Acórdão do Tribunal da Relação de Coimbra
Processo:
446/10.6T4AGD.C1
Nº Convencional: JTRC
Relator: AZEVEDO MENDES
Descritores: CONTRATO DE TRABALHO
PERÍODO EXPERIMENTAL
JUNÇÃO DE DOCUMENTOS
Data do Acordão: 11/04/2011
Votação: UNANIMIDADE
Tribunal Recurso: TRIBUNAL DO TRABALHO DE ÁGUEDA
Texto Integral: S
Meio Processual: APELAÇÃO
Decisão: CONFIRMADA
Legislação Nacional: ARTºS 111º, Nº 1 E 112º, NºS 2 E 4 DO CT/2009 (LEI Nº 7/2009, DE 12/01); 693º-B DO CPC
Sumário: I – A junção de documentos na fase de recurso só é admissível nos casos excepcionais previstos no artº 693º-B do CPC.

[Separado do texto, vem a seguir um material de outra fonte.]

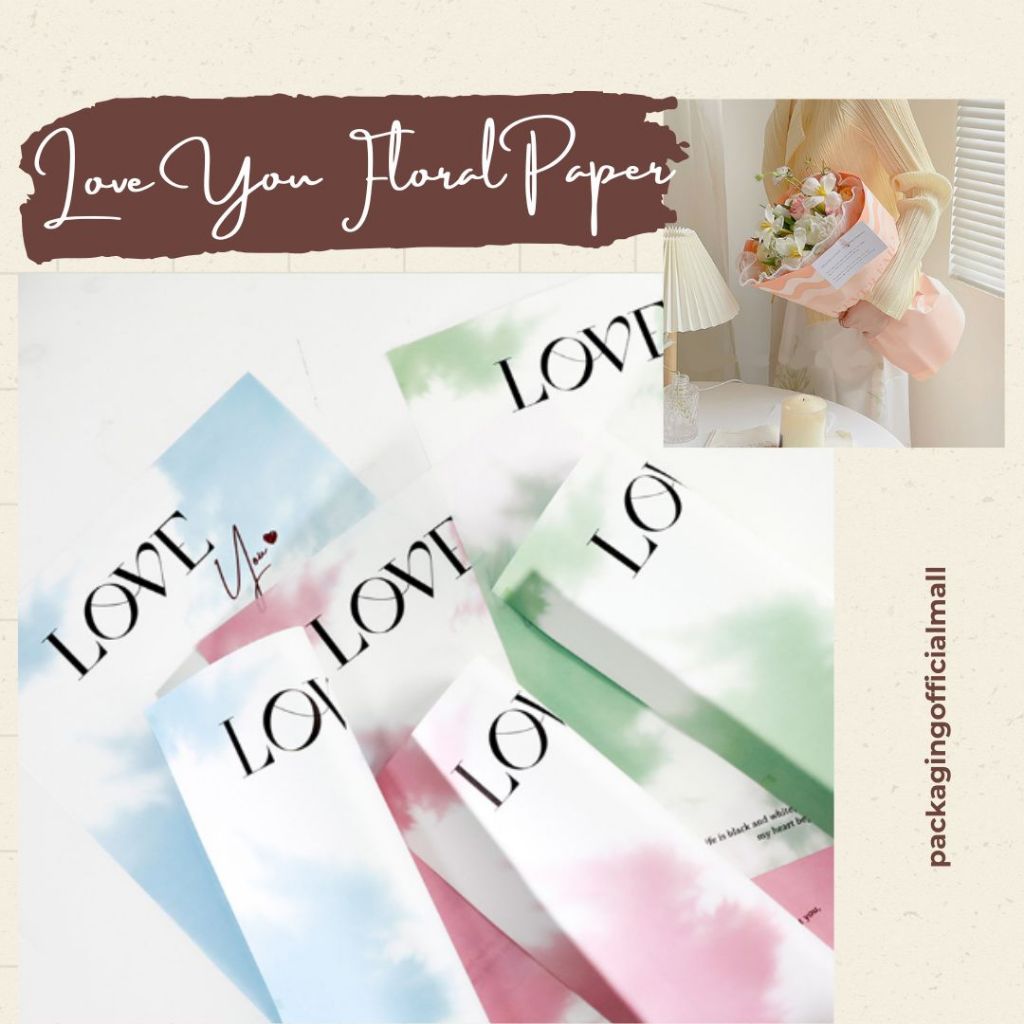 LOVE YOU FLORAL PAPER / กระดาษฟลอริสต์ / กระดาษดอกไม้ BOUQUET / WRAPPING WRAPPER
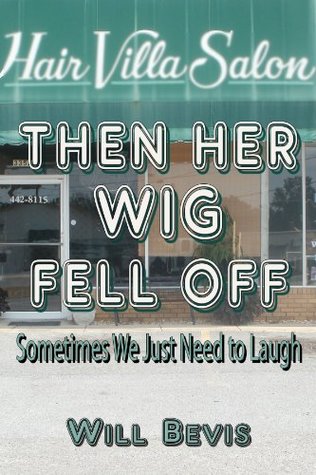 THEN HER WIG FELL OFF: Sometimes You Just Need to Laugh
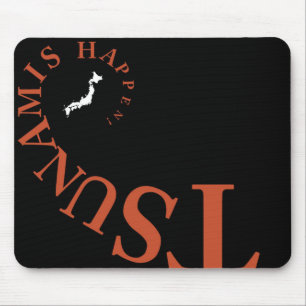 TSUNAMIS PASSIERT! MOUSEPAD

II - Nos termos do nº 4 do artº 112º do CT/2009, o período experimental é reduzido ou excluído, consoante a duração de anterior contrato a termo para a mesma actividade, ou de trabalho temporário executado no mesmo posto de trabalho, ou ainda de contrato de prestação de serviços para o mesmo objecto, com o mesmo empregador, tenha sido inferior, igual ou superior à duração daquele.

III – No caso em que um contrato a termo com duração de seis meses foi precedido de um contrato de prestação de serviço, para o mesmo objecto e para o mesmo empregador e que durou mais de trinta dias, deve considerar-se excluído o período experimental naquele contrato.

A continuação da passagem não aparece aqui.